When Do Rent Security Deposits in NYC Have to Be Returned?
Can a Landlord in NYC Collect an Extra Security Deposit for a Pet?
What If My NYC Landlord Doesn’t Return My Security Deposit?
Am I Entitled to Interest on My Security Deposit in NYC?
Yes. Rental security deposits in NYC are limited to a maximum of one (1) month of rent. Rental regulation changes enacted in 2019 also prohibit the prepayment of rent. This means that the maximum amount of money a New York City landlord may collect upon lease signing is one month of rent and a one month security deposit, for a total of two months.
It’s important to note that the one-month cap on the size of a security deposit does not apply to existing leases which were signed prior to July 14th, 2019.
A landlord who collected a security deposit in excess of one month for an existing lease is permitted to hold onto the full, original security deposit amount until the expiration of the lease.
The one-month cap on security deposits in NY and NYC does not apply to seasonal rentals of 120 days or less. While the Housing Stability and Tenant Protection Act of 2019 (“HSTPA”) did not originally exclude seasonal rentals, new legislation was passed in 2021 which excludes seasonal rentals.

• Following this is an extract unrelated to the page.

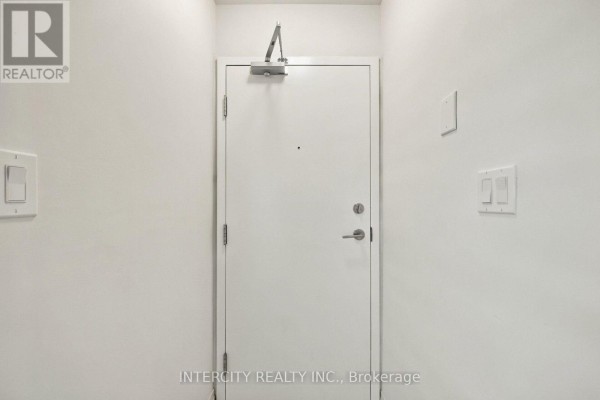 Interior view of a hallway with a closed white door and light-colored walls. - 4 - 235 Mclevin Avenue, Toronto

Senate Bill S6788, which excludes certain seasonal use rentals from the provisions regulating security deposits and advance rent payments, was signed into law by Governor Kathy Hochul on 9/20/21.
This bill also allows seasonal rentals to collect rent for the entire lease term upfront. This was previously outlawed by HSTPA.
A property must meet the following requirements to qualify as a seasonal use dwelling under the language of the bill:
The dwelling must be registered with the appropriate local government, county, or state registry as a seasonal use dwelling.
The dwelling may not be rented as a seasonal use property for more than 120 days during each calendar year.
Additionally, the seasonal rental lease must confirm to the following requirements:
(i) Expressly provide that the dwelling unit is registered as a seasonal use dwelling unit, indicating the local or county government agency with which it is registered.
(ii) State that the occupancy of the tenant is only for seasonal use not to exceed one hundred twenty days or a shorter period.
(iii) Provide primary residence address that the tenant will return to upon lease expiration.